▸ Exercise prompt
In the records below, find the line containing "Abbinamento Smartphone Comu Action Pro" and print it and every line after it exactly, through the end. Skip pictures.

▸ Provided information
+++++

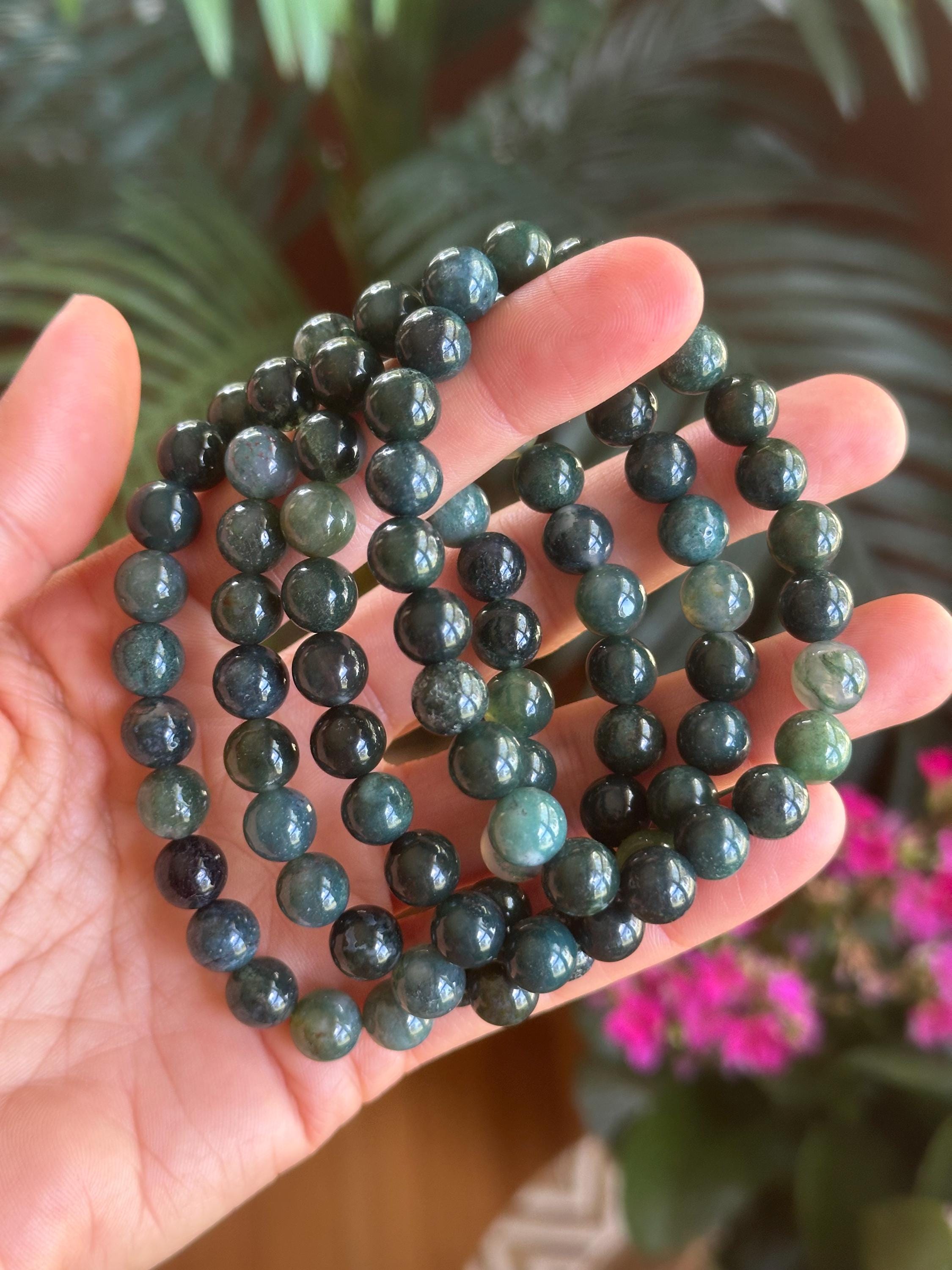 8mm Moss Agate Bracelet: Crystal Gemstone Jewelry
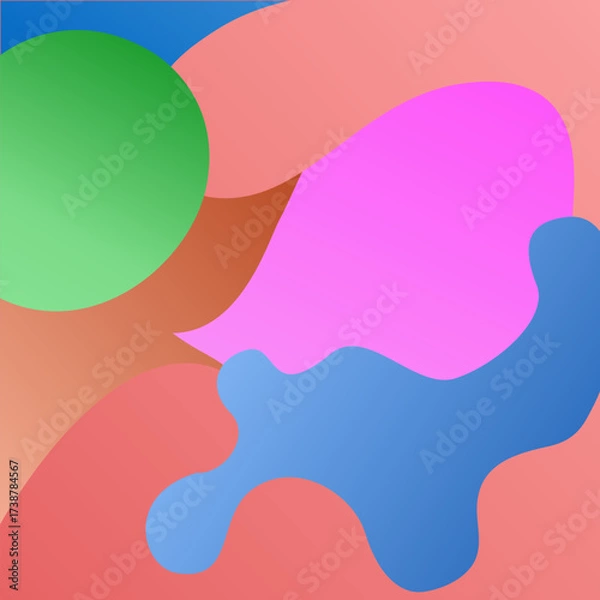 Obraz bstract artistic background, hand-drawn vector illustration, full of imagination and creative fantasy, with beautiful green, pink, blue, and orange tones, elegant design, modern aesthetics, colorful 
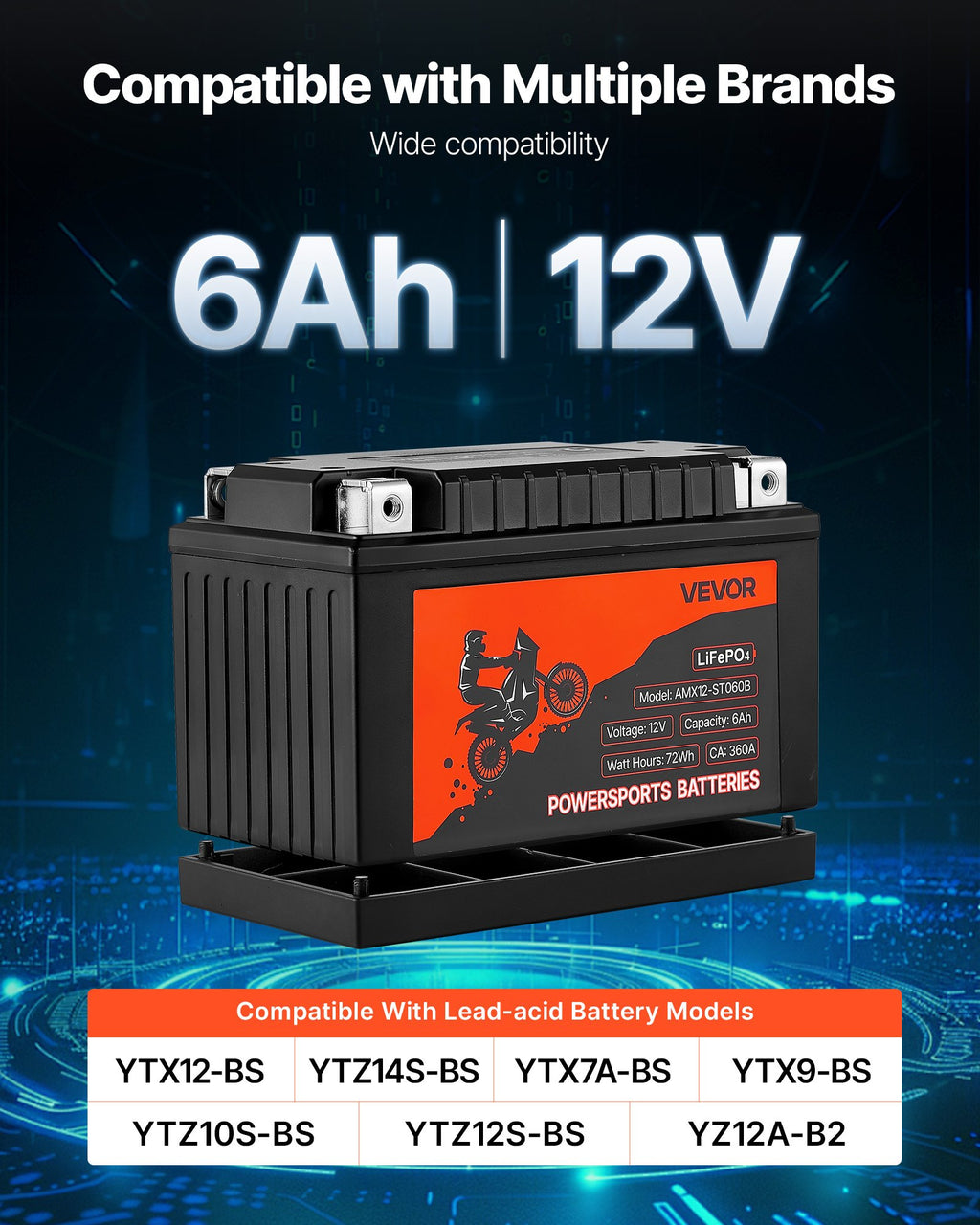 Motorradbatterie 12V 6Ah YTX12-BS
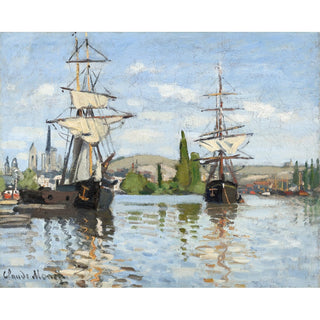 Reproduction Navires à cheval sur la Seine à Rouen de Claude Monet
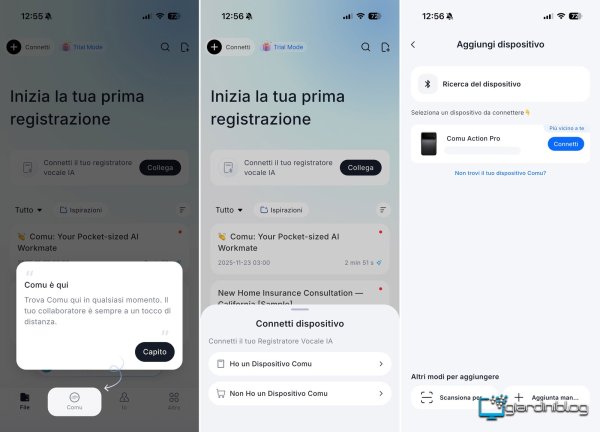 Abbinamento Smartphone Comu Action Pro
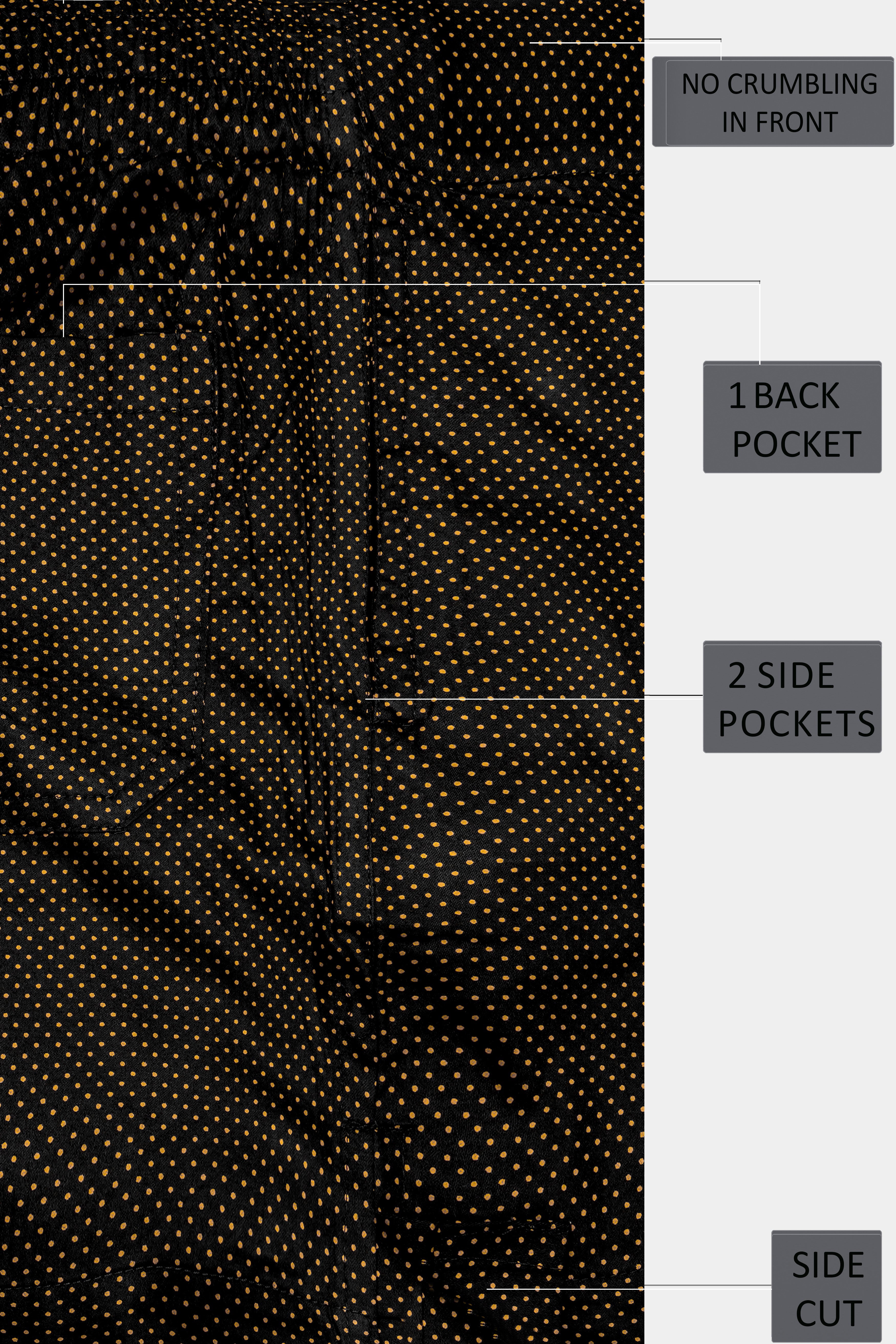 Jade Black with Brownish Orange Dotted Textured Premium Cotton Boxer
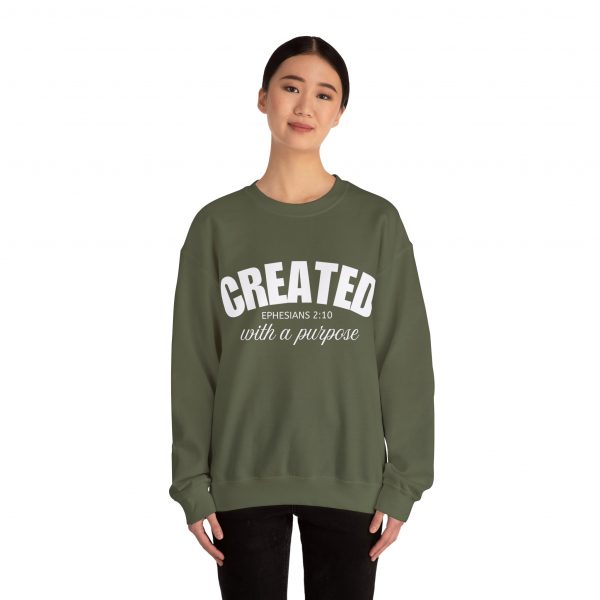 "Created With A Purpose" (Ephesians 2:10) Christian Faith Scripture Sweatshirt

+++++

▸ Answer space
 Abbinamento Smartphone Comu Action Pro
 Jade Black with Brownish Orange Dotted Textured Premium Cotton Boxer
 "Created With A Purpose" (Ephesians 2:10) Christian Faith Scripture Sweatshirt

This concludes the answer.